-- Opening Marker --

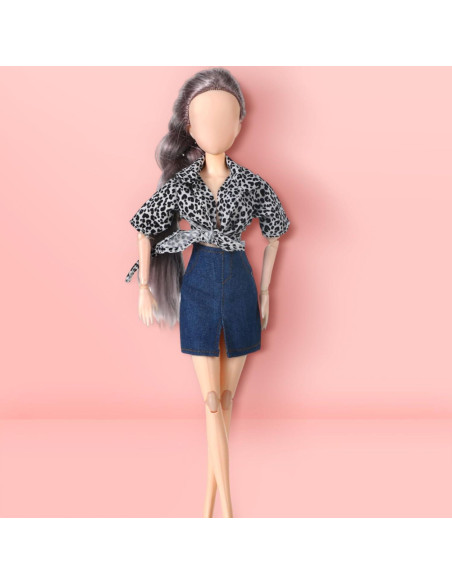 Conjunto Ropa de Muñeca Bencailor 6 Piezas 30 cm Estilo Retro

-- Closing Marker --
-- Opening Marker --

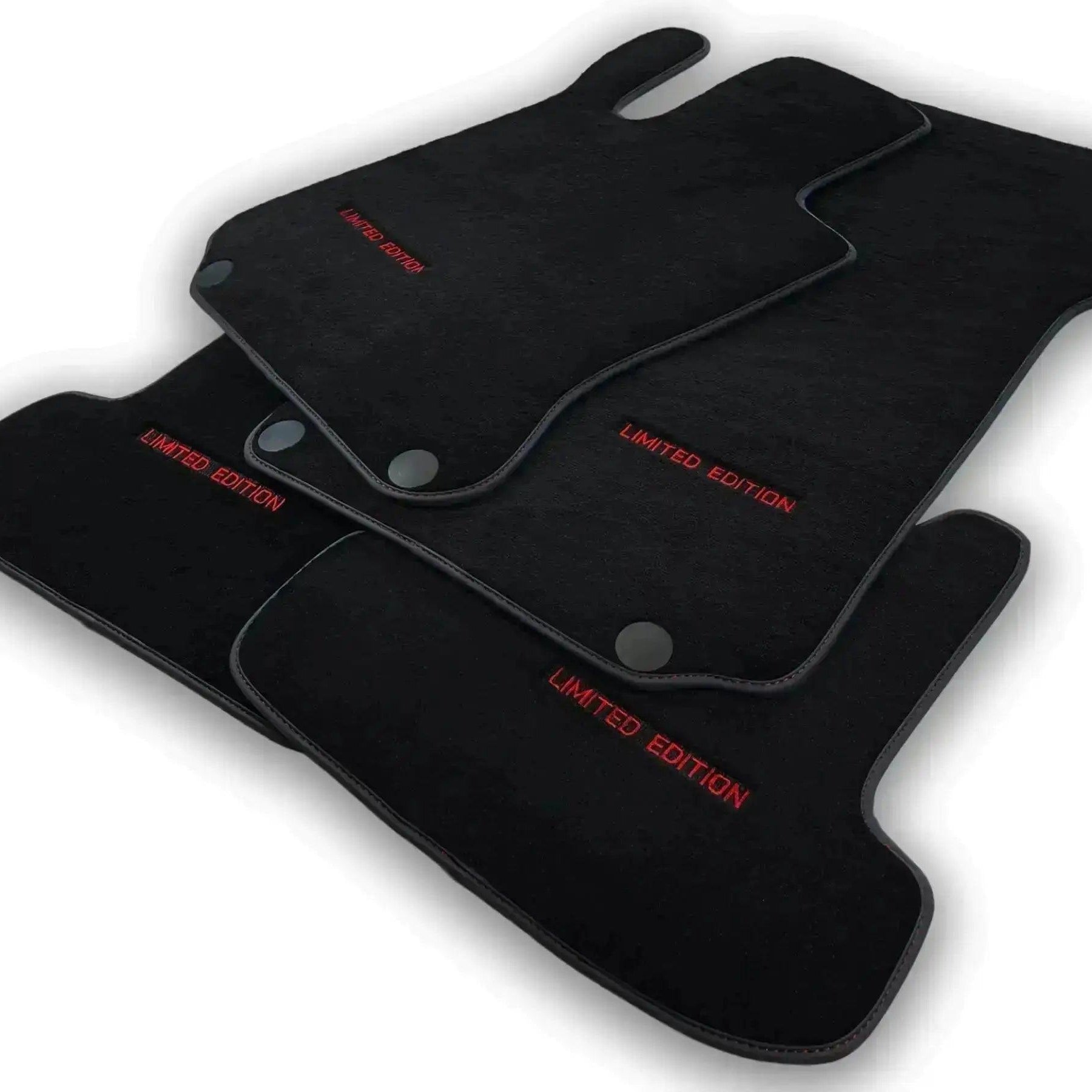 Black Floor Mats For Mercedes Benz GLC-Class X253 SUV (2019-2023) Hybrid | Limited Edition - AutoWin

-- Closing Marker --
-- Opening Marker --

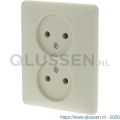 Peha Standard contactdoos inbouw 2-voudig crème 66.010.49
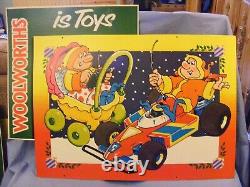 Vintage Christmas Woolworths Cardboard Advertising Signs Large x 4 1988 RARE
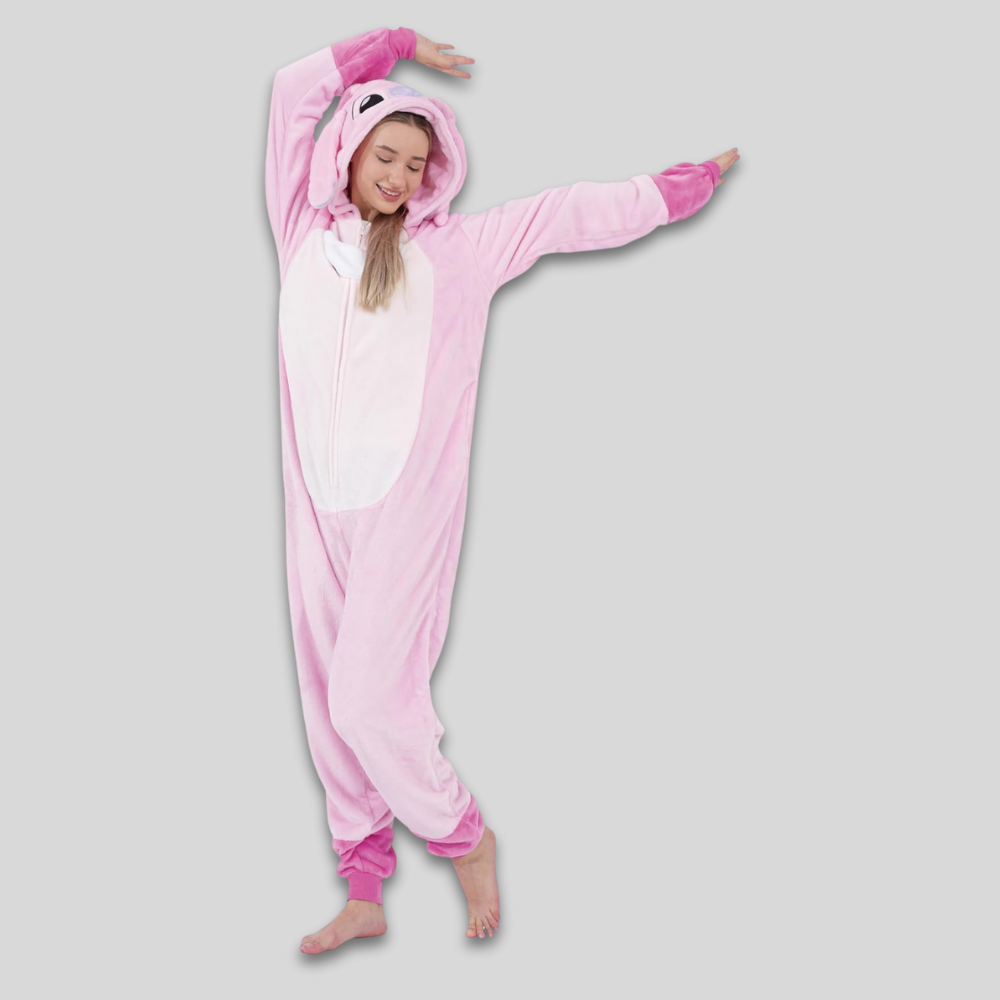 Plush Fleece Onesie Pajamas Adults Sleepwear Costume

-- Closing Marker --

[Work request]: Above are some entries. Restate word for word the lines from the one holding "Vintage Christmas Woolworths" through the one holding "Plush Fleece Onesie", but not the pictures.

[Reply to the task]:
 Vintage Christmas Woolworths Cardboard Advertising Signs Large x 4 1988 RARE
 Plush Fleece Onesie Pajamas Adults Sleepwear Costume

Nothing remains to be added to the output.